● **PROMPT**:
From the line containing "Image de Luxury" to the end of the records, print every line exactly, both ends included, and leave out the pictures.

[Image-caption web data]

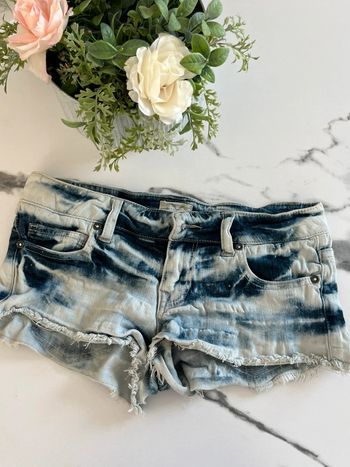 Short  taille basse échancrée en jean délavé
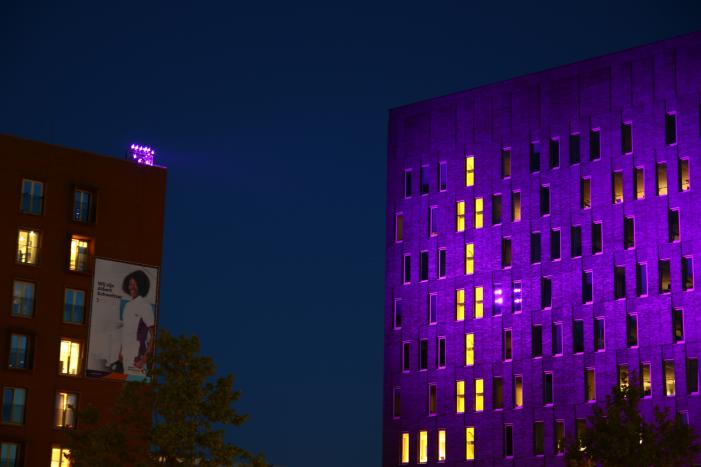 Albert Schweitzer ziekenhuis kleurt paars voor wereld IBD-dag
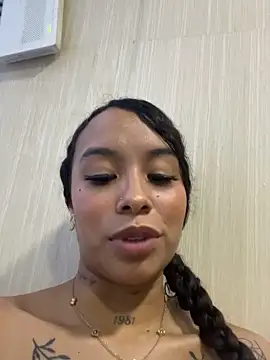 MarieLeon 라이브 XXX 채팅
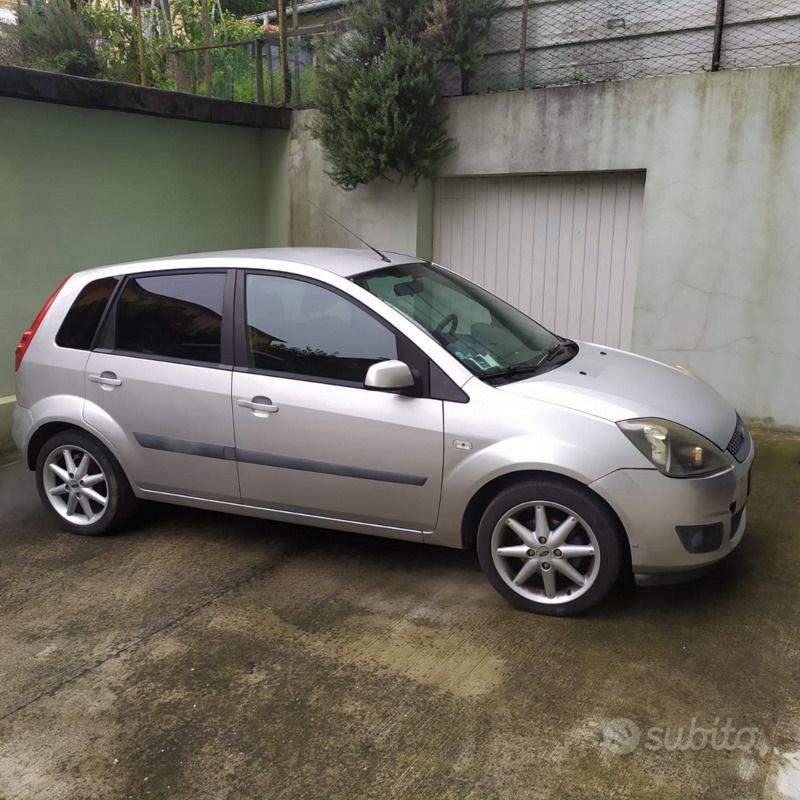 Second-hand Ford Fiesta 2007 Gri Hatchback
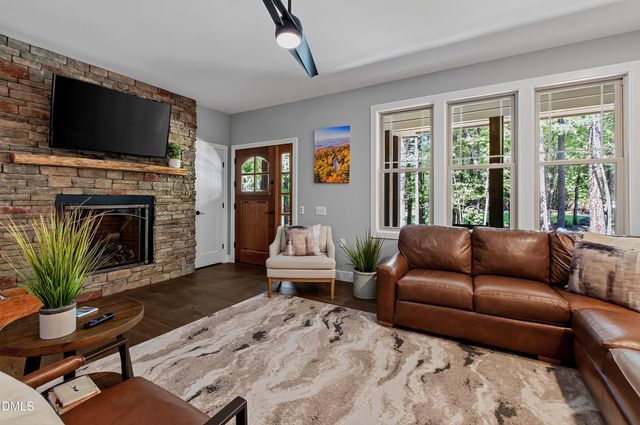 2560 New Hope Drive, Chapel Hill, NC 27514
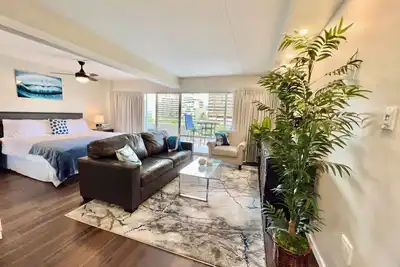 Image de Luxury Comfort in Waikiki-1 Br Steps From The Beach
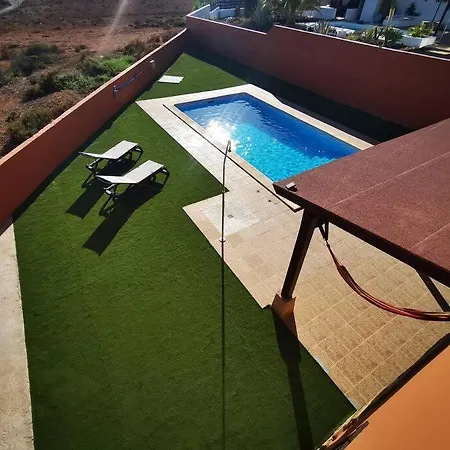 Beautiful House With Pool - 'casa Mar Y Tierra'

● **OUTPUT OF THE EXERCISE**:
 Image de Luxury Comfort in Waikiki-1 Br Steps From The Beach
 Beautiful House With Pool - 'casa Mar Y Tierra'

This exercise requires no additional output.